Saving for retirement is something we often put off or think that we’re too young for or don’t have enough money to do. All of these thoughts can be detrimental to our future and also our peace of mind. 

How to Start Saving for Retirement Right Now

It is never too early to start saving for retirement, even if you only contribute a little right now. The following is a guide to help you get started as soon as possible, no matter where you are financially or in your career. 

Choose a Retirement Plan

You’ll have to initially think about which retirement plan is right for you. There are 401(k) accounts as well as IRA accounts, including the traditional IRA and the Roth IRA. 

The following are a few things to know about choosing an actual plan:

  • If your workplace offers a 410(k) or retirement plan, it’s probably best to use that. You can contribute money and then many employers will match your contributions. If your employer offers a match, contribute as much as you reasonably can. Along with 401(K)s other retirement plans your employer could offer including 403(b)s, defined benefit plans, and TSPs. 
  • If you don’t have a work-based retirement plan or you’ve maxed it out, you can think about an IRA. IRAs can be set up by an individual at a bank or another financial institution and an IRA can be used as a way to invest in the stock market as well as mutual funds, or bonds and you can add cash. There are IRS limitations as far as how much you can contribute to your IRA every year, and this depends on the type of IRA it is. 
  • If you’re self-employed you still have plenty of options including the SEP-IRA as well as the SIMPLE IRA.

The Pros and Cons of Retirement Accounts 

There are benefits and also downsides with each plan option. With a 401(k), one of the primary perks was detailed above—your employee may match your contributions. It’s also good from a tax standpoint. The IRS will let you save more than three times as much in a 401(k) compared to an IRA. 

If you keep the money in your plan, even if your investments earn money, you don’t owe anything. 

The downside is that you have limited investment choices, and they’re usually selected by the administrator of your plan.

There can also be high fees that put a dent in your returns. 

Overall if you do have access to a 401(k), take advantage. If nothing else, it can be fairly simple, and it lowers your taxable income. If you leave your job, you can rollover the money into an IRA if you choose. 

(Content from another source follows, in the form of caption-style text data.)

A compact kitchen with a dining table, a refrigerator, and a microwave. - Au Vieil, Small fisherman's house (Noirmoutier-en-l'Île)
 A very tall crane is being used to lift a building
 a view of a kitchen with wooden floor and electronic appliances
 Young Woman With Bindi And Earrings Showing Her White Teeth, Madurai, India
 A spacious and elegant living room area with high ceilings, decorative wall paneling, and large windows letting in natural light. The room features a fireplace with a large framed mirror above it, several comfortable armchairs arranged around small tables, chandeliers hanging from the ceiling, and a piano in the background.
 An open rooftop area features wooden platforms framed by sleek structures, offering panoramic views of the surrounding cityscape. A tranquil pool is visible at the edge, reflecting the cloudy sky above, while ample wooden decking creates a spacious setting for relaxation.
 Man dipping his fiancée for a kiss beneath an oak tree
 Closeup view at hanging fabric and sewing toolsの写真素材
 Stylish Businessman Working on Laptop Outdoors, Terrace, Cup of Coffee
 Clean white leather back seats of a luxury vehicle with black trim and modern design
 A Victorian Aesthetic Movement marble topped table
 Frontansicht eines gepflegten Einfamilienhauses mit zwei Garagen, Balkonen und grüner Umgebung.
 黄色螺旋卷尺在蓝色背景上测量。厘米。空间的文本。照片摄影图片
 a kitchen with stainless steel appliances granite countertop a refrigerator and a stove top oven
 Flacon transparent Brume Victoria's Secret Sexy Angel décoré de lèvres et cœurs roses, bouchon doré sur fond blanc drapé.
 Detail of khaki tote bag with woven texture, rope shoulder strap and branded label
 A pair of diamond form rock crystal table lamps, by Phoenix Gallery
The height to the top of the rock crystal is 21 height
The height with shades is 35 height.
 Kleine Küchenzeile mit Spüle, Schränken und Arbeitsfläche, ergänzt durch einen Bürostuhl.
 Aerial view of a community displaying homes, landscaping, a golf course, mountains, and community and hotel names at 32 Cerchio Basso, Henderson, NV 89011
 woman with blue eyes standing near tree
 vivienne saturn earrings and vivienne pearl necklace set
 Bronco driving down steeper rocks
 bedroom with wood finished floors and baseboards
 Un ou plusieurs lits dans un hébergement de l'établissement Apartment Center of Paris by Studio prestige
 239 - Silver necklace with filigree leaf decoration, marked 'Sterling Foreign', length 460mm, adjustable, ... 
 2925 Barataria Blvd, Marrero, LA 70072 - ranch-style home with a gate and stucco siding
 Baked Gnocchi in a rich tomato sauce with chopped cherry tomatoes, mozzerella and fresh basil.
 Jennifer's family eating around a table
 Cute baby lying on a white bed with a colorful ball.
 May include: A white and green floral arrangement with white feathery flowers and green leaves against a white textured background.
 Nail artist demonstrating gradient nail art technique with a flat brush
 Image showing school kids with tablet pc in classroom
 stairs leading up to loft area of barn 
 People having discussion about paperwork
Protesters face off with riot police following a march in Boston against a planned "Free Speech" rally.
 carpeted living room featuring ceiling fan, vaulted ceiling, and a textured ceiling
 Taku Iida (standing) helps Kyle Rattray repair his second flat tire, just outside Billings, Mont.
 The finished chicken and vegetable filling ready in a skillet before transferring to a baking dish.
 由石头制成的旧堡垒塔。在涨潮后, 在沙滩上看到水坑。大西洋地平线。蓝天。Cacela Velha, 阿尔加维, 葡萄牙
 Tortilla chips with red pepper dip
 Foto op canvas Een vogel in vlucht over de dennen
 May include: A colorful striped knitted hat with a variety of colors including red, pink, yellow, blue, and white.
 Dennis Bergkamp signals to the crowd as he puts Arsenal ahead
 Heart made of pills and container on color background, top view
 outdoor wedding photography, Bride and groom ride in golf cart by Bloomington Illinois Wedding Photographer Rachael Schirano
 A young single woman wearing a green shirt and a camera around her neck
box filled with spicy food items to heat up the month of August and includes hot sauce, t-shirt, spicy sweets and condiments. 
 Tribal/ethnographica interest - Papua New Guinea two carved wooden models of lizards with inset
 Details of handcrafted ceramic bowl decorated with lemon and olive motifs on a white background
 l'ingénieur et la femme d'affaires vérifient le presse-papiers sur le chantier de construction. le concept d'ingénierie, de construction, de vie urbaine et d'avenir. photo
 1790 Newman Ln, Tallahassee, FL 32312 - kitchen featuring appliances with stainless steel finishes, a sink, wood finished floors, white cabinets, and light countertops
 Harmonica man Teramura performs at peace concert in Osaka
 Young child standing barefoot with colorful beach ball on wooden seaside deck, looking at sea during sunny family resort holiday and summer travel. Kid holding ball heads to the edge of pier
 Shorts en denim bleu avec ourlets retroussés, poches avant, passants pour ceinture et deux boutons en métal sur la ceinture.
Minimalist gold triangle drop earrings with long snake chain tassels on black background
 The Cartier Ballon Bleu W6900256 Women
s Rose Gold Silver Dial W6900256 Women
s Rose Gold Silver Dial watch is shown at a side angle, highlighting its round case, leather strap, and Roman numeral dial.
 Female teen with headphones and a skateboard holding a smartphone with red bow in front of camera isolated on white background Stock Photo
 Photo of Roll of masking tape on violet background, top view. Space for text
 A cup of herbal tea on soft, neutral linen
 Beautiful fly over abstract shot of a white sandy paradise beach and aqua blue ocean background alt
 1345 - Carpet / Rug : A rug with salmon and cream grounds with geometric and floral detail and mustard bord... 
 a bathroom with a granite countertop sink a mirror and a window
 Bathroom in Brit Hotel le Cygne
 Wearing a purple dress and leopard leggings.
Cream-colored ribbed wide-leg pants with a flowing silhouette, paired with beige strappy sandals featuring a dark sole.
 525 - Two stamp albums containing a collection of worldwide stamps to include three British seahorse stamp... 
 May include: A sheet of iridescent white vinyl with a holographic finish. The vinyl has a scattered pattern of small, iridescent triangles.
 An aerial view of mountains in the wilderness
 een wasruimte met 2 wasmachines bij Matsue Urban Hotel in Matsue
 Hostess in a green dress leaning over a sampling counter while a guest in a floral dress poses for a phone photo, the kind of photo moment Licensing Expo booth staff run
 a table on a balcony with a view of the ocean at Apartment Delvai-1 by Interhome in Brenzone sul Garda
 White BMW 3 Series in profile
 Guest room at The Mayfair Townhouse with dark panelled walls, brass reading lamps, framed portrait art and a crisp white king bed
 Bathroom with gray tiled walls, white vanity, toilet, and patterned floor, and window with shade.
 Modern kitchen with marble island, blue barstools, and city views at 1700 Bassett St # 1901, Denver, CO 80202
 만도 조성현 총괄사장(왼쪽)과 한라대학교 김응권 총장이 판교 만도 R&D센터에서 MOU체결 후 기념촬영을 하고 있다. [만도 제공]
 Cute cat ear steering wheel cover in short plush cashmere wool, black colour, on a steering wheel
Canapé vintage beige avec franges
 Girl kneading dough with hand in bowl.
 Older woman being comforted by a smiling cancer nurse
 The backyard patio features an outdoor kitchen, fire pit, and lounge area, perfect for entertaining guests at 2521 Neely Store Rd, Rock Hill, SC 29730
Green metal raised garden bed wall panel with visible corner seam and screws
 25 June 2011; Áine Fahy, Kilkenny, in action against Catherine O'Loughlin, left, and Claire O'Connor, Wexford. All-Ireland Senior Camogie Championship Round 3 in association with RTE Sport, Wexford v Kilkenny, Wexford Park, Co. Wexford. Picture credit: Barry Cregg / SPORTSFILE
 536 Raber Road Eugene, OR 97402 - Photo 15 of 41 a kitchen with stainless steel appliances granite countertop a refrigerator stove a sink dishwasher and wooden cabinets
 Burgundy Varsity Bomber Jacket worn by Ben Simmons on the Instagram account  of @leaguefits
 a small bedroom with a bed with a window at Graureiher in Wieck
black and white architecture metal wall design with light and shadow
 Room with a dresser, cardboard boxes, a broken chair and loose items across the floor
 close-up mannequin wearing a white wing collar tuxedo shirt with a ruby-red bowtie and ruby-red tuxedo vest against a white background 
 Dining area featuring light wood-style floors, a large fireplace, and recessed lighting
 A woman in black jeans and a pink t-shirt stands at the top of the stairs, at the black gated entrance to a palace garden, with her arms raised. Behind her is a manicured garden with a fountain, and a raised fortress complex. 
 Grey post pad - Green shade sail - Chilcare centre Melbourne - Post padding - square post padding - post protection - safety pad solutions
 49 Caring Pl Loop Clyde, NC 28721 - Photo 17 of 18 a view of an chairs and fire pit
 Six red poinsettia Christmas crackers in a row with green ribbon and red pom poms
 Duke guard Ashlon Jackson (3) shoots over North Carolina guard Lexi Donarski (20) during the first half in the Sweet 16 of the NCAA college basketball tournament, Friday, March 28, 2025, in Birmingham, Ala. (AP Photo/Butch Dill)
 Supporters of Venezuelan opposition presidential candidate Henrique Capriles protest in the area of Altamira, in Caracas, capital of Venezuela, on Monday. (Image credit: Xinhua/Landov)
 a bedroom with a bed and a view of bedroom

With Traditional IRAs and Roth IRAs, the 2020 contribution limit is $6,000 as a combined limit for IRAs. If you’re above age 50, your limit is $7,000. 

You go through an individual financial institution to set up your IRA, and you have a big selection of investments to choose from, plus you’re in control. With a Roth IRA, contributions can be withdrawn at any time, and if you’re in retirement, qualified withdrawals are tax-free. 

The cons with IRAs are the low contribution limits and at higher incomes, your ability to make contributions can be phased out. 

Pay Off Debt

If you are at a point in your financial life where you have debt and you aren’t yet saving for retirement, you may have to prioritize paying off that debt, at least for a period of time. However, if you feel comfortable with it, you can do both and that may be the better option depending on when you expect to be debt-free. 

As you’re creating your retirement plan and account, work on creating a repayment plan for your debt at the same time. 

Manage Your Finances with Technology

There are some great apps out there that can help you get on the right track financially, so take advantage. 

An app like Acorns will help you keep track of your retirement and what your saving, and you’re going to be better able to meet your goals if you can see what’s going in and out in terms of spending and where you might need to make adjustments. 

Finally, when it comes to retirement savings, the sooner you start, the better because that gives your money more time to grow. Compound interest occurs when your money earns interest, and then that money earns more interest. Keep this in mind if you’re putting off opening a retirement account.